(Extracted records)
┄┄┄┄┄┄

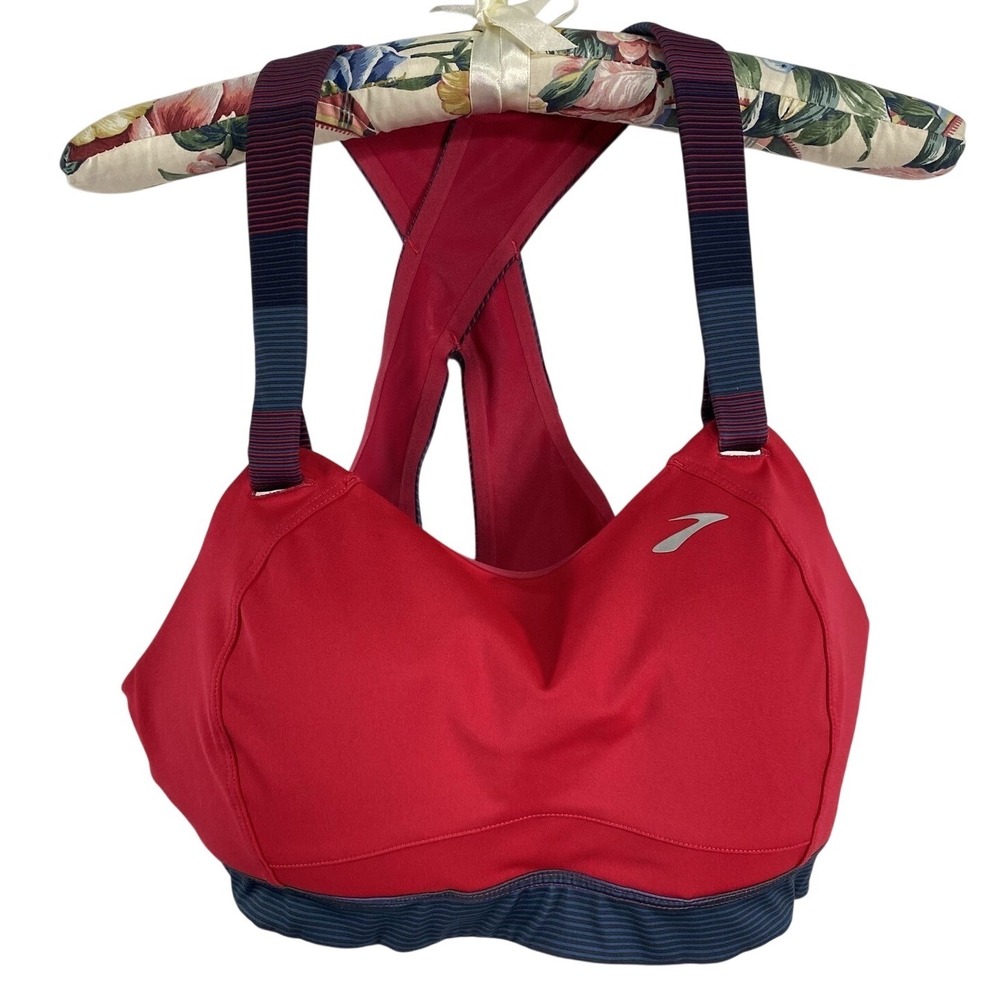 Brooks Dare Crossback Run Bra Womens Large High Impact Adjustable Straps Sports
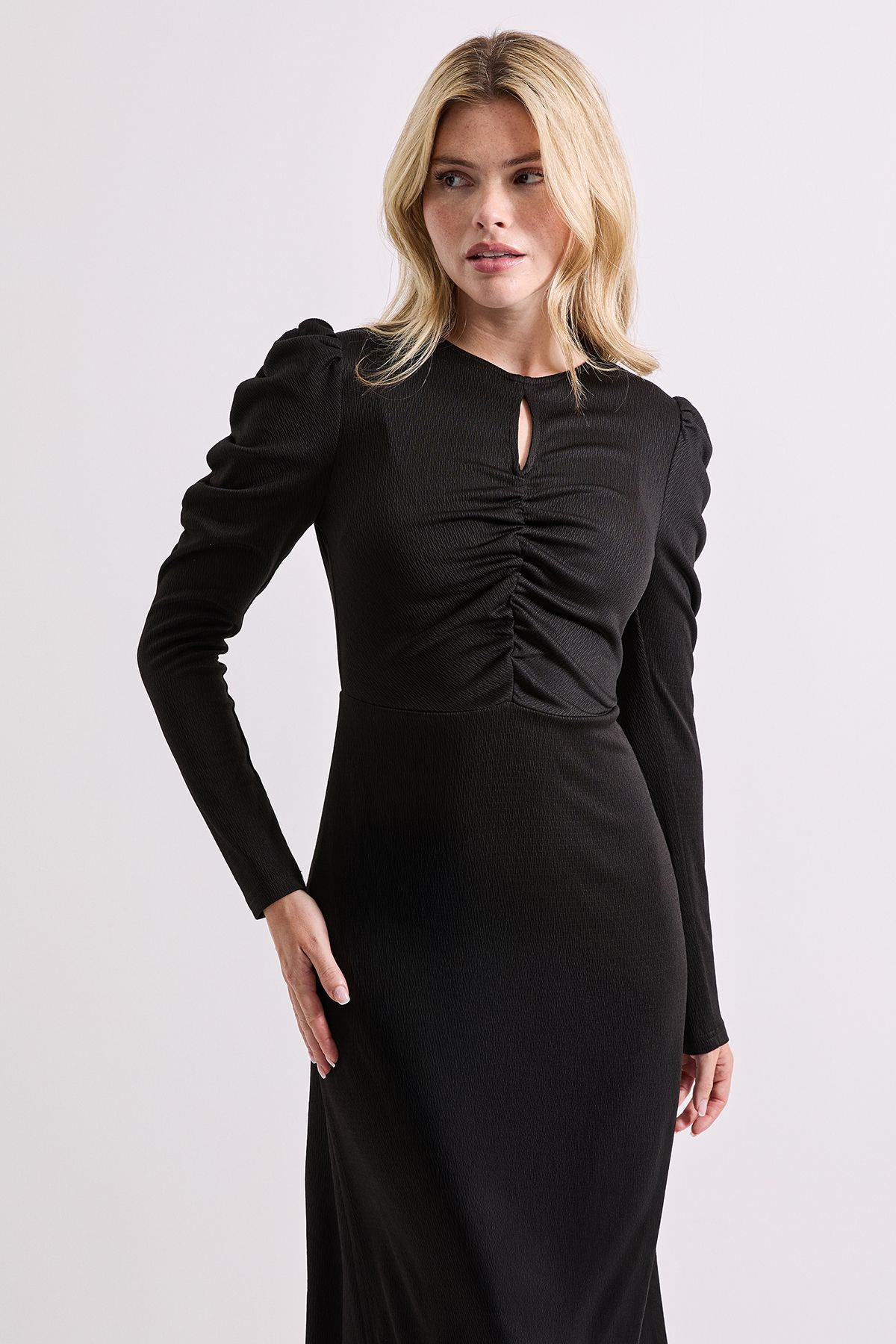 Dorothy Perkins Keyhole Long Sleeve Jersey Midi Dress Black image 4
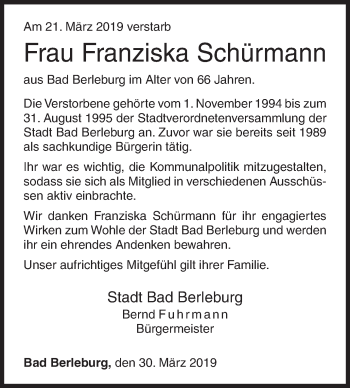 Traueranzeige von Franziska Schürmann von Siegener Zeitung
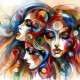 Modern Woman Abstract 2 (PRT-8991-105017) - Canvas Art Print - 60in X 60in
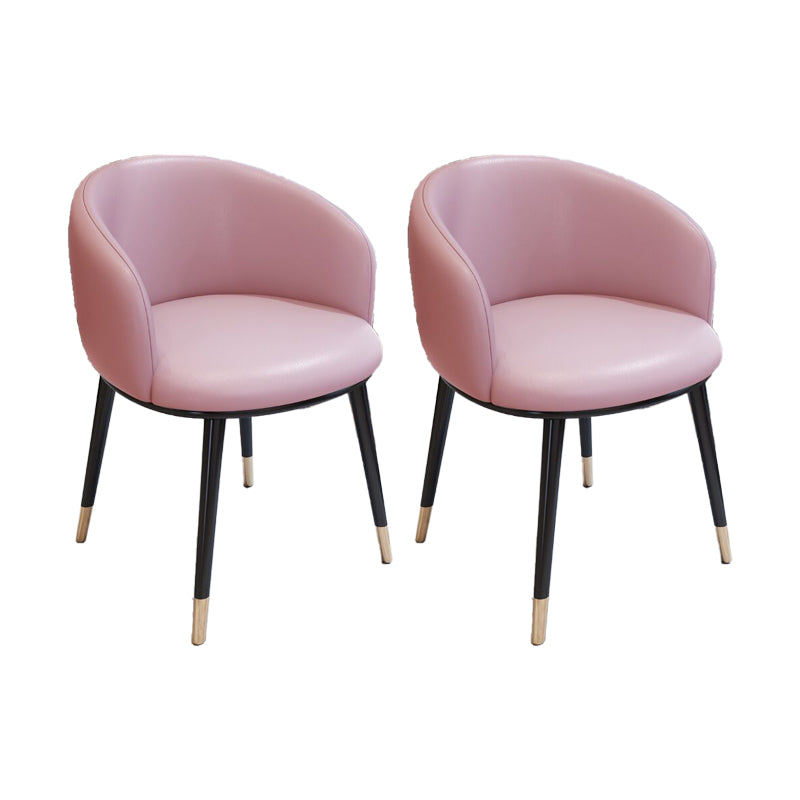 Modern Armless Task Chair Faux Leather Low Back Home Office Chair Pink 2 Piece Set Clearhalo 'furn' 'furn_office_chair' 'Furniture' 'Office Chairs' 'Office Furniture' 'office_chair' 5120421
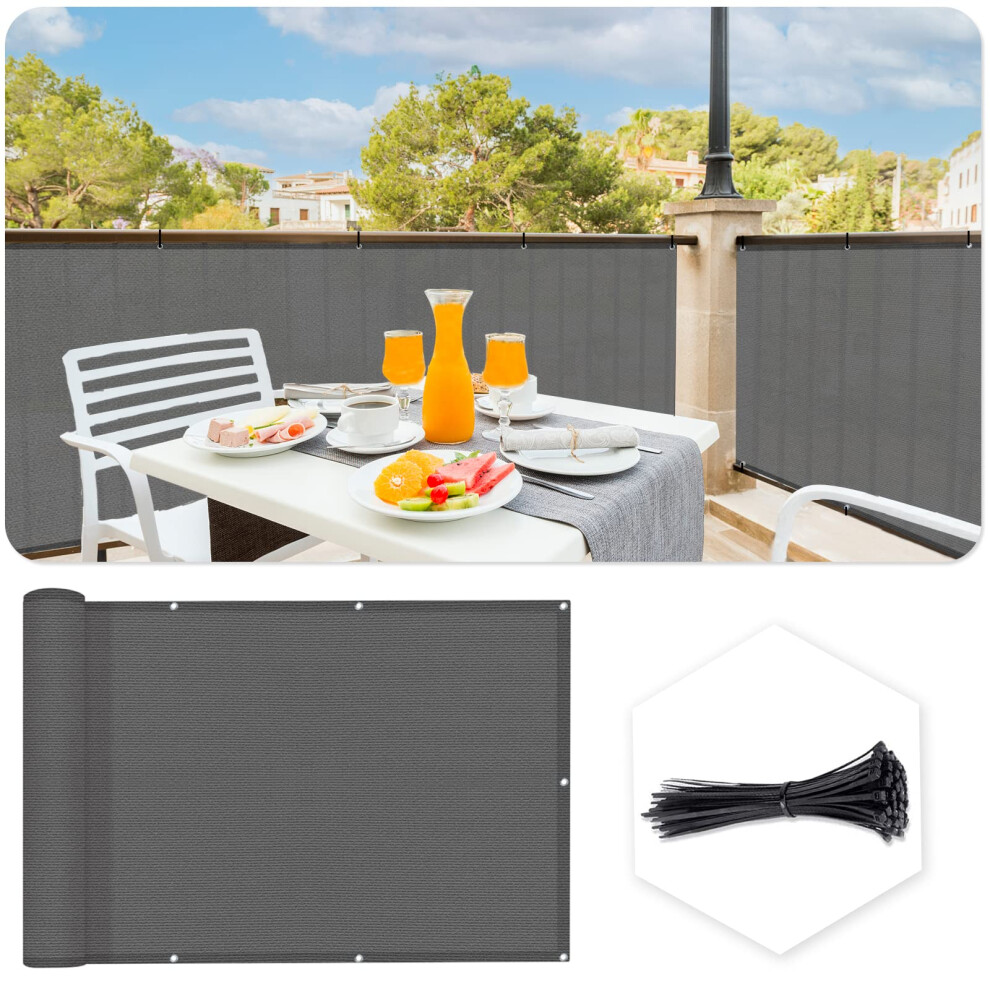 SUNLAX 3x10 Gris fonc? Balcon Brise-Vue Cl?ture Pare-Vent Couverture Fa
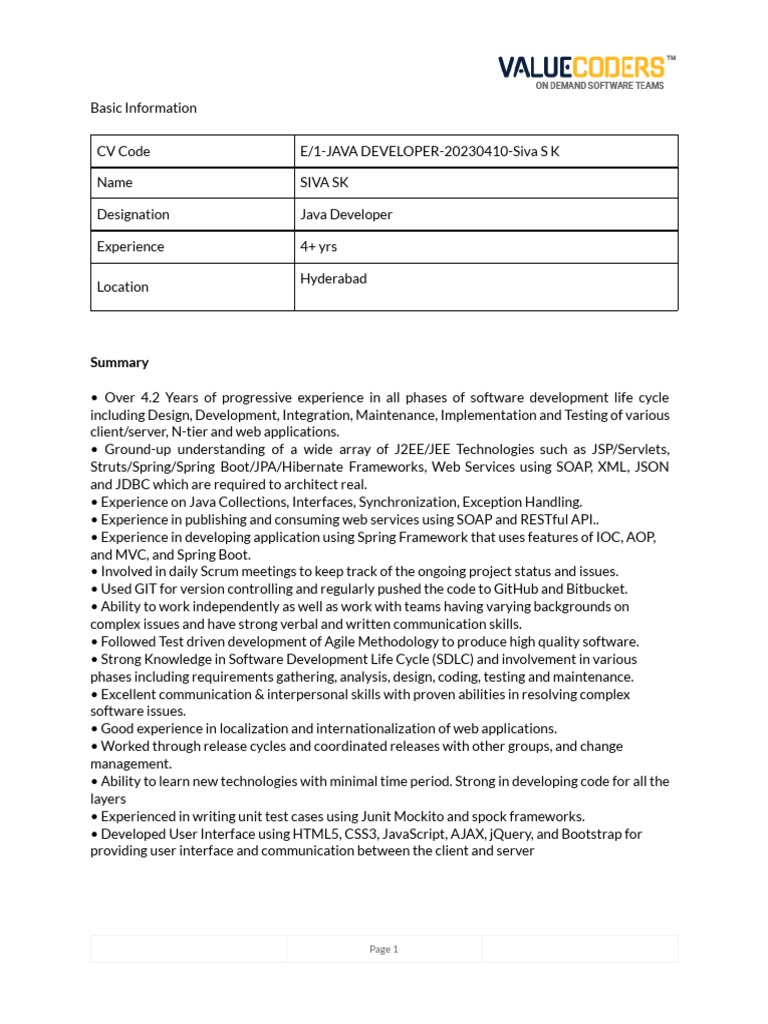 Java Developer Resume - Siva SK | PDF | Spring Framework | Product ...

┄┄┄┄┄┄

### TASK TO COMPLETE
Retype, exactly and only, the lines from the one containing "Modern Woman Abstract" through the end of the entries, both ends included, and omit all pictures.

### EXERCISE RESULT
 Modern Woman Abstract 2 (PRT-8991-105017) - Canvas Art Print - 60in X 60in
 Modern Armless Task Chair Faux Leather Low Back Home Office Chair Pink 2 Piece Set Clearhalo 'furn' 'furn_office_chair' 'Furniture' 'Office Chairs' 'Office Furniture' 'office_chair' 5120421
 SUNLAX 3x10 Gris fonc? Balcon Brise-Vue Cl?ture Pare-Vent Couverture Fa
 Java Developer Resume - Siva SK | PDF | Spring Framework | Product ...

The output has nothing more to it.